* Task material *
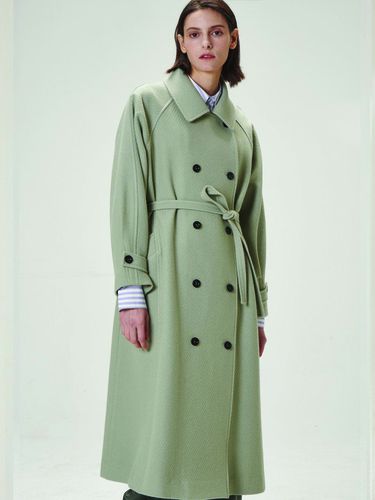 Flared Long Coat-Khaki - THE AUTHOR: - Modalova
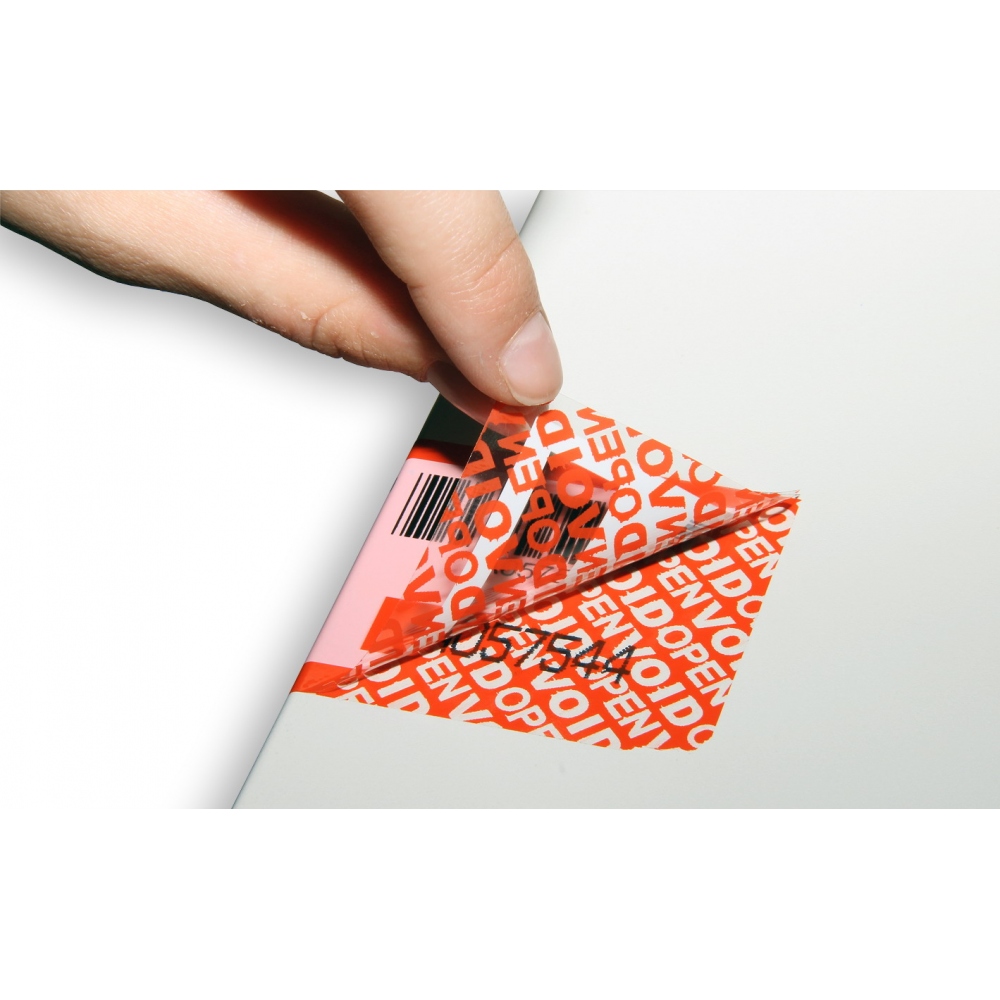 Two-layered tamper evident KTL labels numbering to a depth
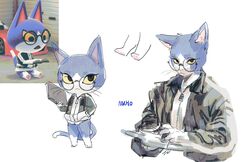  3_toes animal_crossing anthro biped black_eyes black_eyewear blue_body blue_ears blue_fur blue_tail book countershade_face countershading digital_media_(artwork) dipstick_tail domestic_cat eyewear feet felid feline felis fur glasses holding_book holding_object kemono kkron_m leg_markings long_sleeves male mammal markings monotone_inner_ear multicolored_body multicolored_fur nintendo pawpads pink_inner_ear pink_pawpads reference_image round_glasses semi-anthro simple_background socks_(marking) solo standing tail tail_markings thin_tail toes tom_(animal_crossing) two_tone_body two_tone_fur two_tone_tail whiskers white_background white_body white_countershading white_feet white_fur white_hands white_tail white_tail_tip yellow_sclera zipper 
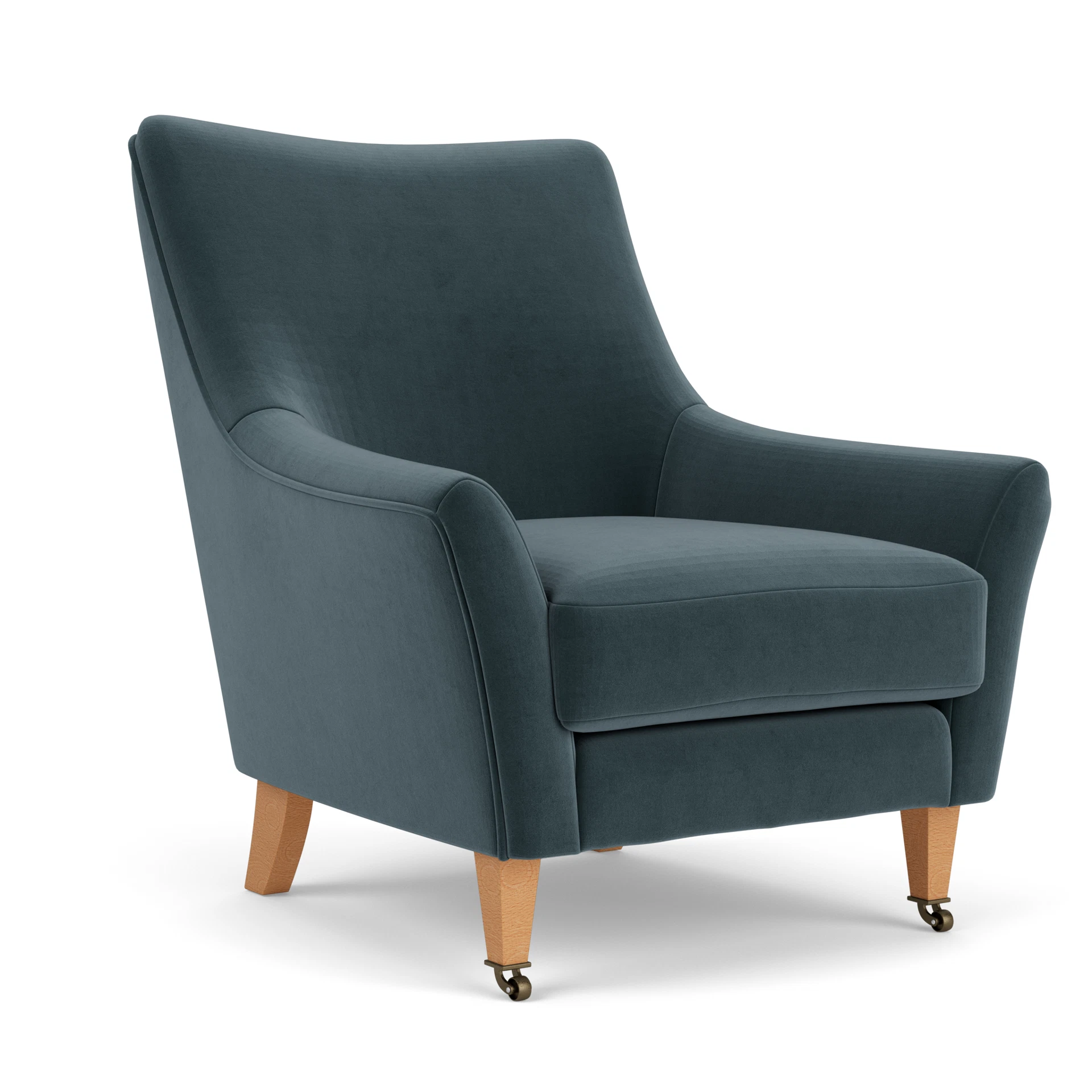 Martha Armchair in Matt Velvet - Night Sky with Light legs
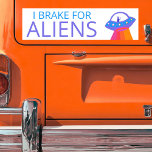 I BRAKE FOR ALIENS Cute UFO Spaceship Bumper Sticker<br><div class="desc">Hand drawn just for you! Customize the text,  add your own,  and change color. Makes a great gift! Check my shop for more!</div>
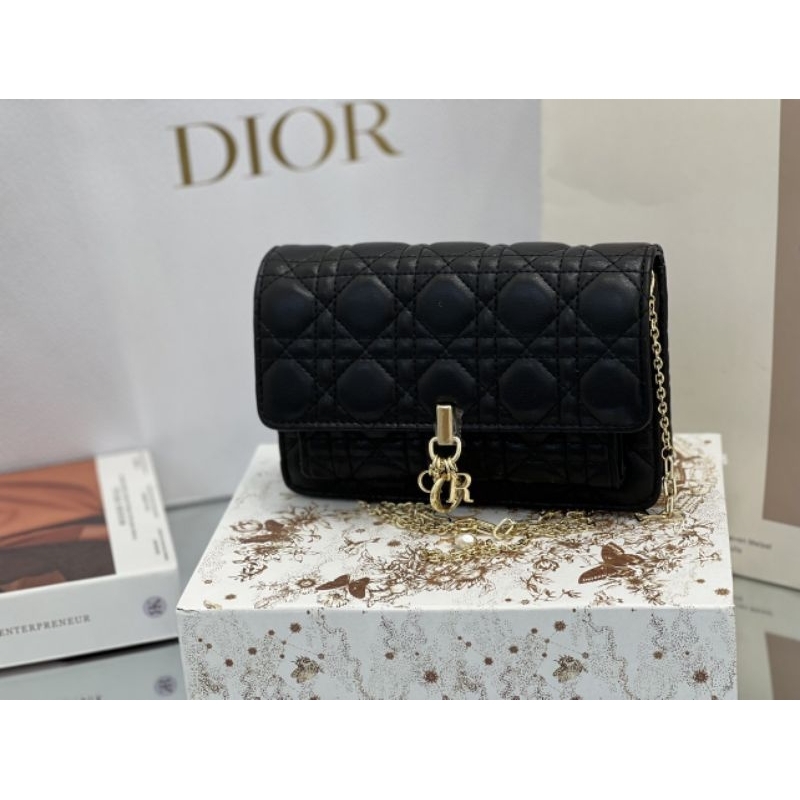 Túi đeo chéo nữ D.I Woc Caro ô trám căng phồng sz20cm phụ kiện cao cấp xinh xỉu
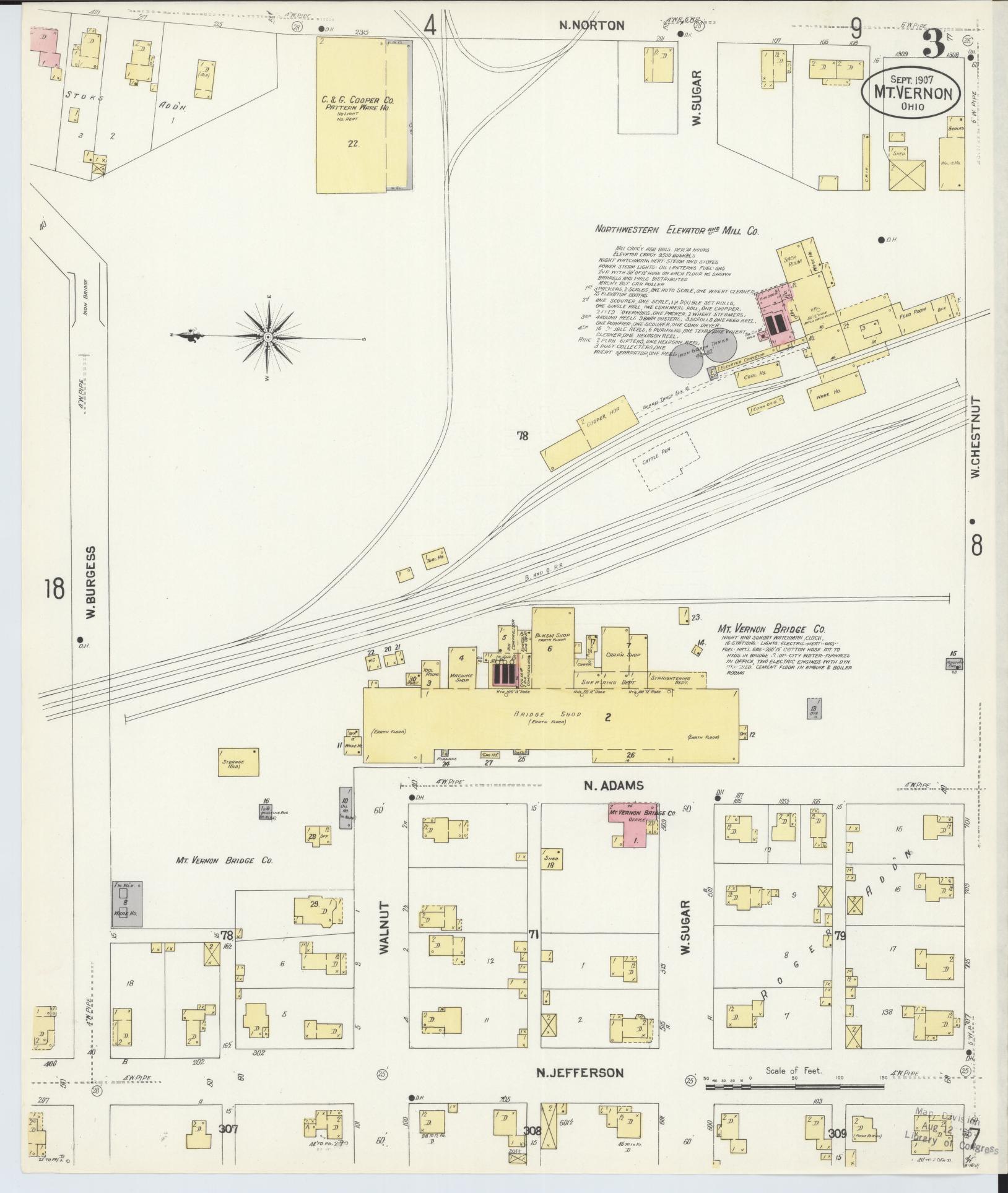 Sanborn Fire Insurance Map from Mount Vernon, Knox County, Ohio (1907), Sheet #0003 - Complete Map Set gallery image, historic Sanborn map, vintage wall art, Ohio Ohio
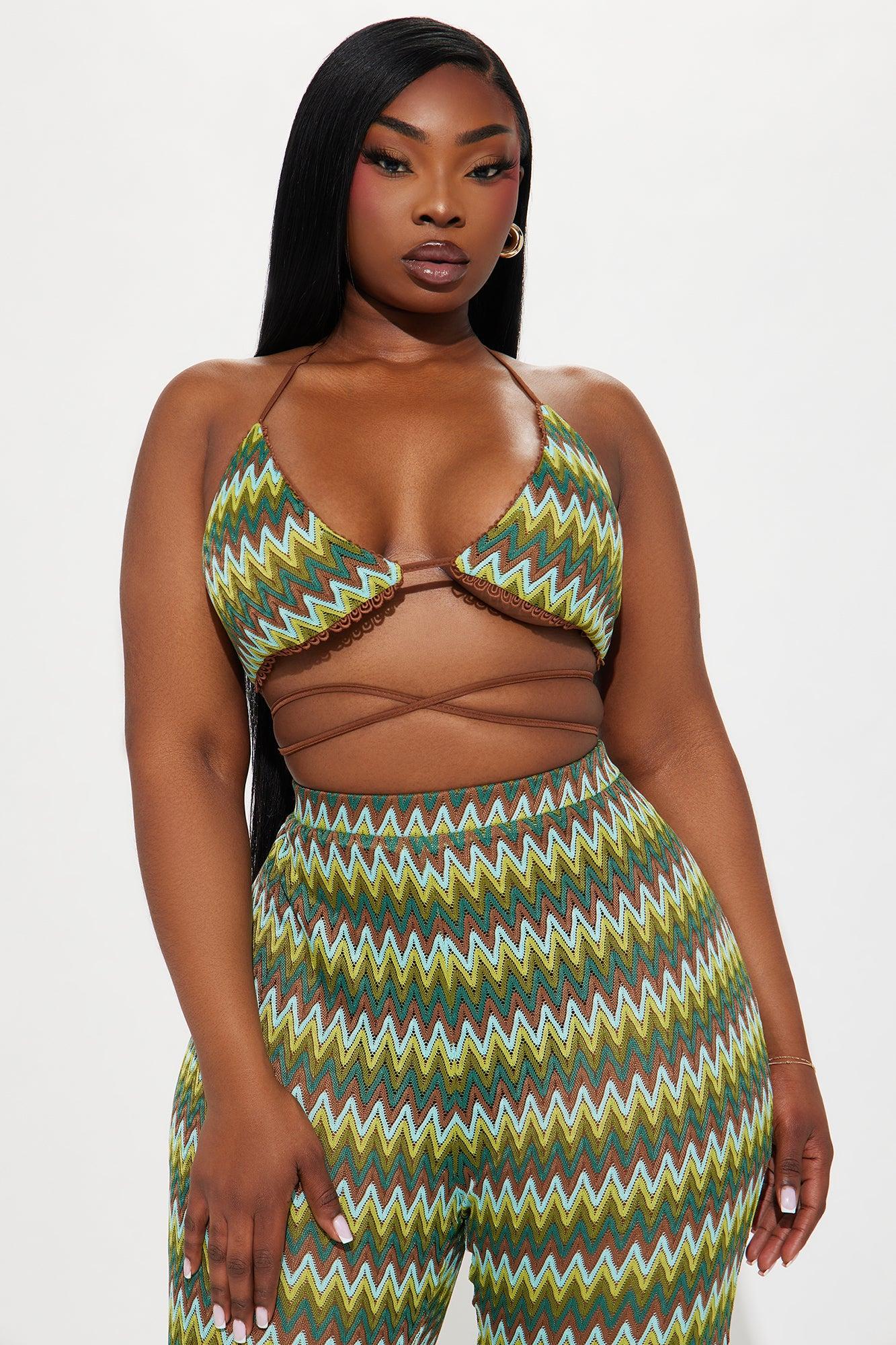 Vacation Addict Crochet Pant Set - Green/combo Product Image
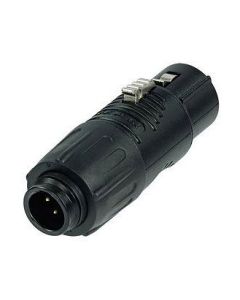 Neutrik 3 Pole Adapter Tiny Xlr Male To Male Xlr, Black Metal Shell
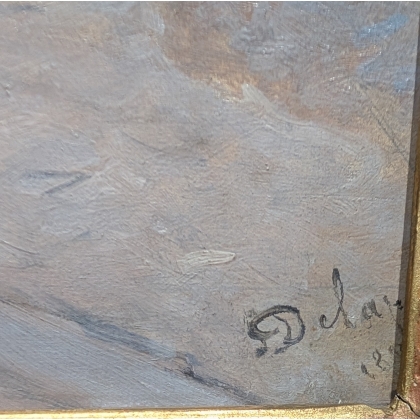 Tableau \"Sur le chemin de Salvan\" signé DELAPEINE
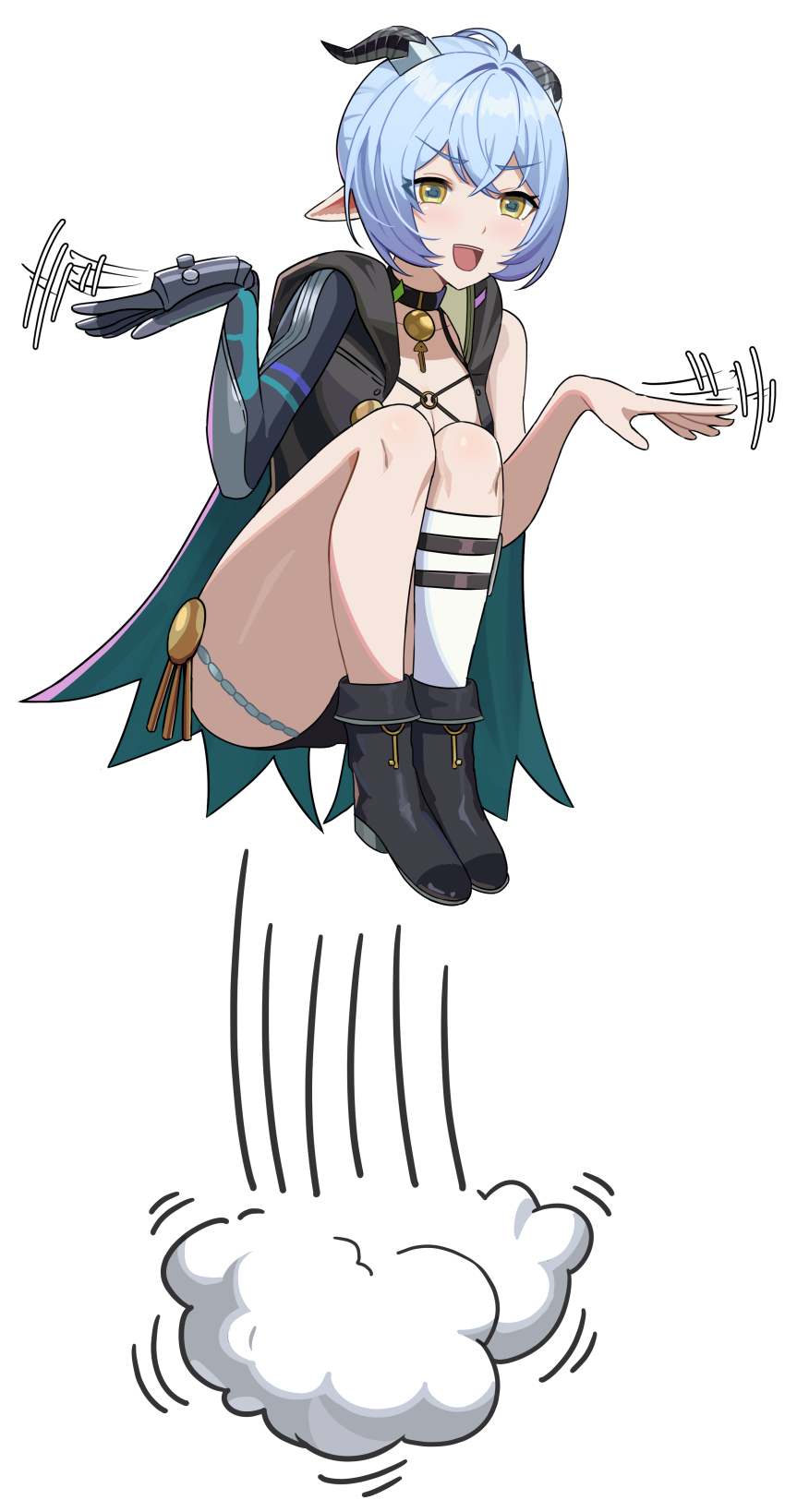 1girl absurdres aqua_eyes black_boots black_horns blue_hair boots breasts cape cleavage commentary flapping goat_girl goat_horns highres hood hood_down hooded_cape horns jumping junmin lucia_elowen medium_breasts multicolored_eyes open_mouth pointy_ears sidelocks simple_background single_sock smile socks solo thighs two-tone_eyes white_background yellow_eyes zenless_zone_zero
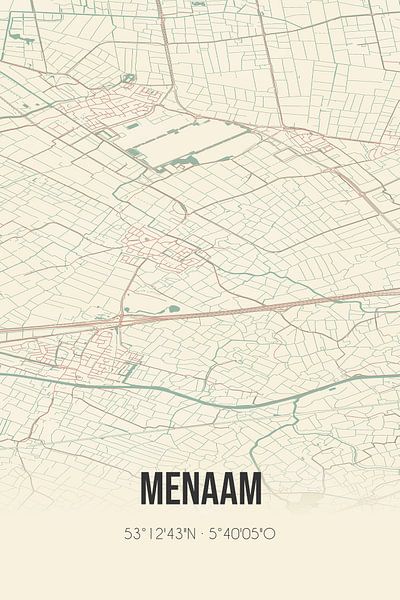 Vintage map of Menaam (Fryslan) by Prints of Place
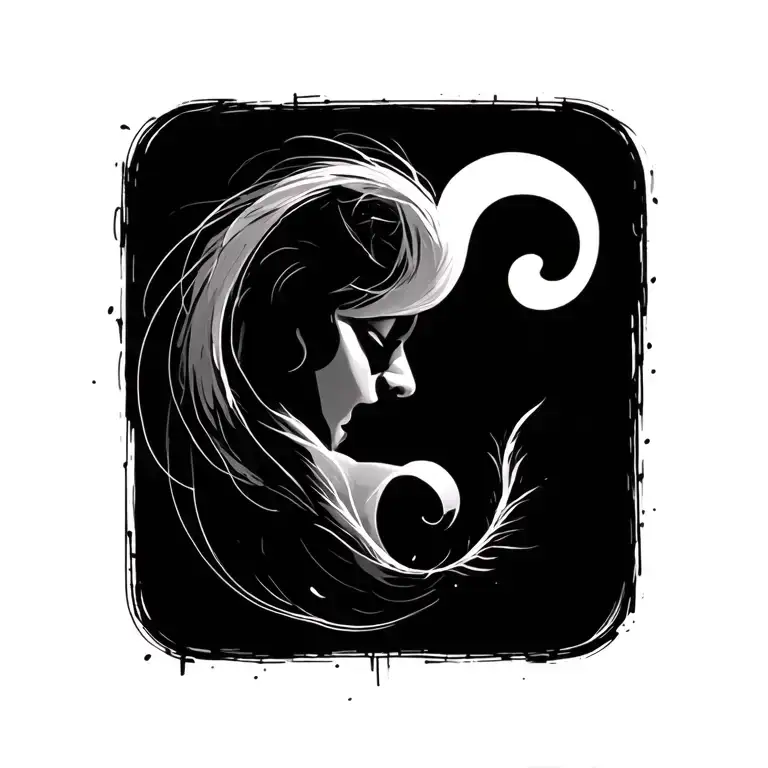 minimalist music lover with semicolon inside tattoo design idea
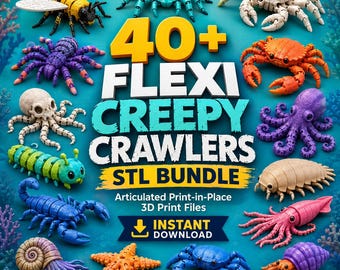 40+ Flexi Bugs & Creepy Crawlers STL-paket | Ledade 3D-utskriftsleksaker | Sensoriska modeller | STL-filer för utskrift på plats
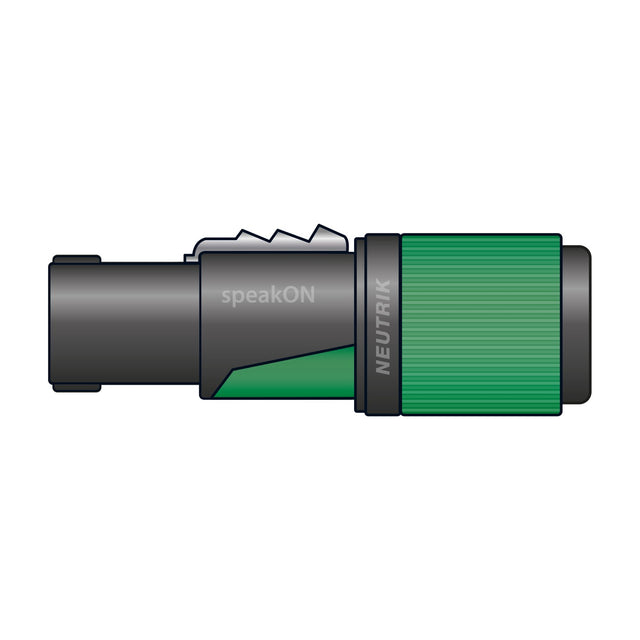 Neutrik NL4FXX-W-L 4-pole Speakon cable plug with black housing, green twist-lock collar, and chuck-type strain relief, shown on a plain white background.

* Activity *
Only the lines from the top of the material above down to the line bearing "I BRAKE FOR", that line included, should be set down exactly; no pictures.

* Answer box *
 Flared Long Coat-Khaki - THE AUTHOR: - Modalova
 Two-layered tamper evident KTL labels numbering to a depth
  3_toes animal_crossing anthro biped black_eyes black_eyewear blue_body blue_ears blue_fur blue_tail book countershade_face countershading digital_media_(artwork) dipstick_tail domestic_cat eyewear feet felid feline felis fur glasses holding_book holding_object kemono kkron_m leg_markings long_sleeves male mammal markings monotone_inner_ear multicolored_body multicolored_fur nintendo pawpads pink_inner_ear pink_pawpads reference_image round_glasses semi-anthro simple_background socks_(marking) solo standing tail tail_markings thin_tail toes tom_(animal_crossing) two_tone_body two_tone_fur two_tone_tail whiskers white_background white_body white_countershading white_feet white_fur white_hands white_tail white_tail_tip yellow_sclera zipper 
 Martha Armchair in Matt Velvet - Night Sky with Light legs
 I BRAKE FOR ALIENS Cute UFO Spaceship Bumper Sticker<br><div class="desc">Hand drawn just for you! Customize the text,  add your own,  and change color. Makes a great gift! Check my shop for more!</div>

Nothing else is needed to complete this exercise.